Now for some other pet peeves, the Rand business subplots, where Danny is telling the board that they are going to sell drugs at cost because principle… Derp. Just derp. And then this drug company never developed another drug ever again. The end.
Also, I’m a writer, not an actor or a fight choreographer, so I might be getting out of my lane here, but it seemed like the fight scenes in Daredevil were way better. Which is sad since this is supposed to be the martial arts show. I think Coleen actually got more fight scenes, which makes me suspect that actress is actually better at performing cool looking martial arts, while most of Danny’s flipping around action scenes were actually done by a stunt man with a dyed Bob Ross wig. But I have no actual idea if that’s true.
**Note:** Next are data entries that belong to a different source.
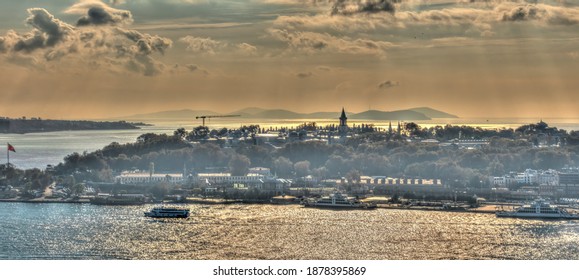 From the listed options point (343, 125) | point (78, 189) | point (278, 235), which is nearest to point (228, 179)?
point (78, 189)

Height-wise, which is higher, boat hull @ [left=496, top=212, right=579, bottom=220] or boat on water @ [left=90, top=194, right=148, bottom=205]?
boat on water @ [left=90, top=194, right=148, bottom=205]

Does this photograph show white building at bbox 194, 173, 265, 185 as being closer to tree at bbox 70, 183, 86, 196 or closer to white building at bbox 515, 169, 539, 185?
tree at bbox 70, 183, 86, 196

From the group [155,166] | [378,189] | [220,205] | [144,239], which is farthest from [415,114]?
[144,239]

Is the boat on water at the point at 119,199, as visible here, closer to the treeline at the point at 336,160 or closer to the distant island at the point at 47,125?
the treeline at the point at 336,160

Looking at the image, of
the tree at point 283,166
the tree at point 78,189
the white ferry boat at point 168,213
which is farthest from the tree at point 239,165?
the white ferry boat at point 168,213

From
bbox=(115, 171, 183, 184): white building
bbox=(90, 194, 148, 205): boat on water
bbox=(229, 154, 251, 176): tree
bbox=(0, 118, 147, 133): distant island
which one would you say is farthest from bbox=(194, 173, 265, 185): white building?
bbox=(0, 118, 147, 133): distant island

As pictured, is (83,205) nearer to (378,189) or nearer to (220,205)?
(220,205)

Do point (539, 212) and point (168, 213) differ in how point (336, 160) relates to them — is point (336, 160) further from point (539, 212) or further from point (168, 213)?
point (168, 213) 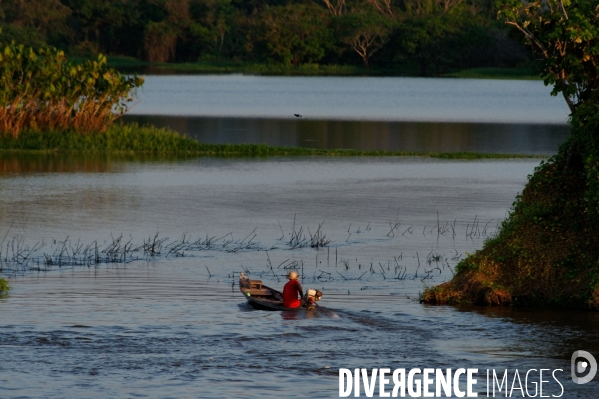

Overall, I was let down. I had high hopes for Iron Fist. He’s actually a pretty neat character in the comics. After the initial controversy when the SJWs were pitching a fit about cultural appropriation because they’d chosen a white actor to play a white character, I was hoping it would be excellent just to spite them.
I’ve heard that the Defenders is being directed/produced by the same guy who did Daredevil, which gives me hope. I don’t know if that’s true or not. But the most important thing is that they don’t screw up The Punisher.